• _DATA SHOWN_:

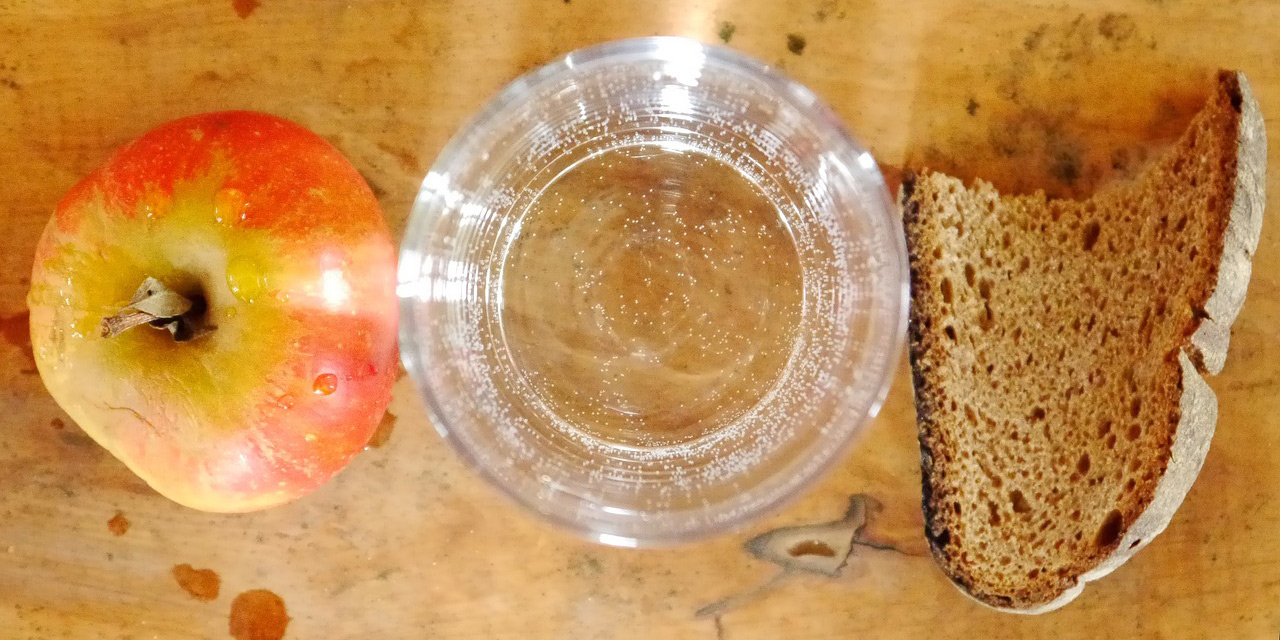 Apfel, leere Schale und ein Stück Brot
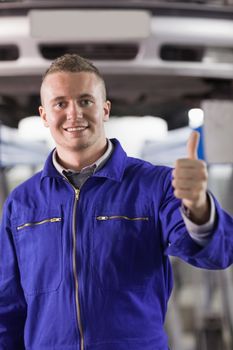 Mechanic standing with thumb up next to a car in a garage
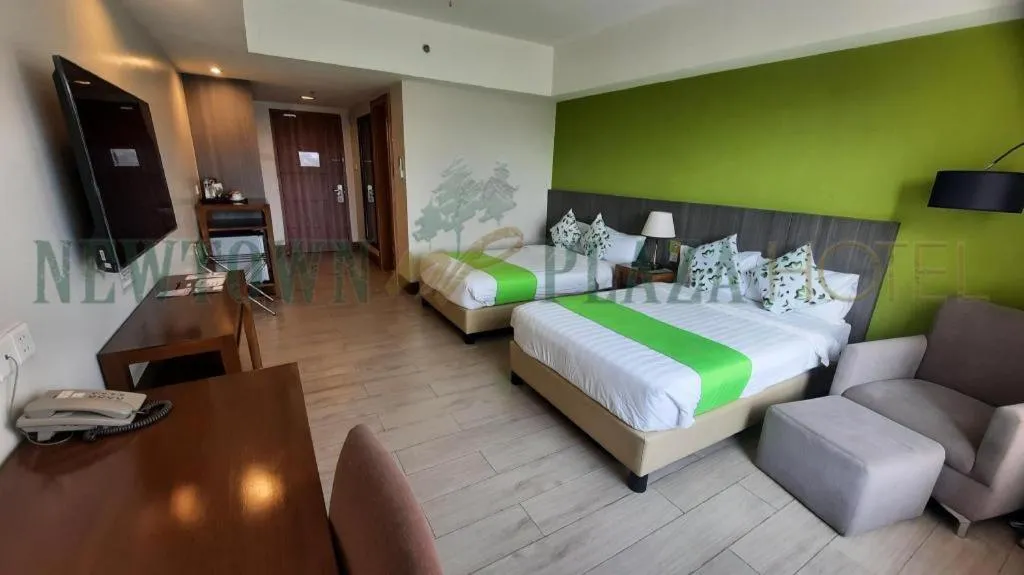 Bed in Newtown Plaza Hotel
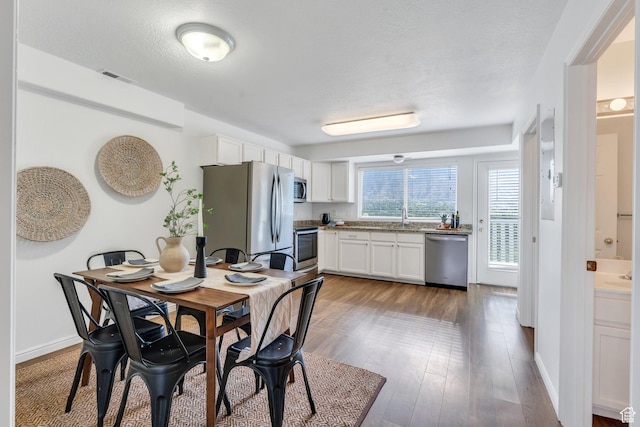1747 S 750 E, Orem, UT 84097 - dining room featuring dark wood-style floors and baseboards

--

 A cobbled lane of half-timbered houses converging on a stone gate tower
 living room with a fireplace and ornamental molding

• _YOUR GOAL_: Please repeat the lines of the material above exactly, starting with the line that contains "Bed in Newtown Plaza Hotel" and ending with the line that contains "1747 S 750 E, Orem, UT". Leave the pictures out.

• _SOLVED EXERCISE_:
 Bed in Newtown Plaza Hotel
1747 S 750 E, Orem, UT 84097 - dining room featuring dark wood-style floors and baseboards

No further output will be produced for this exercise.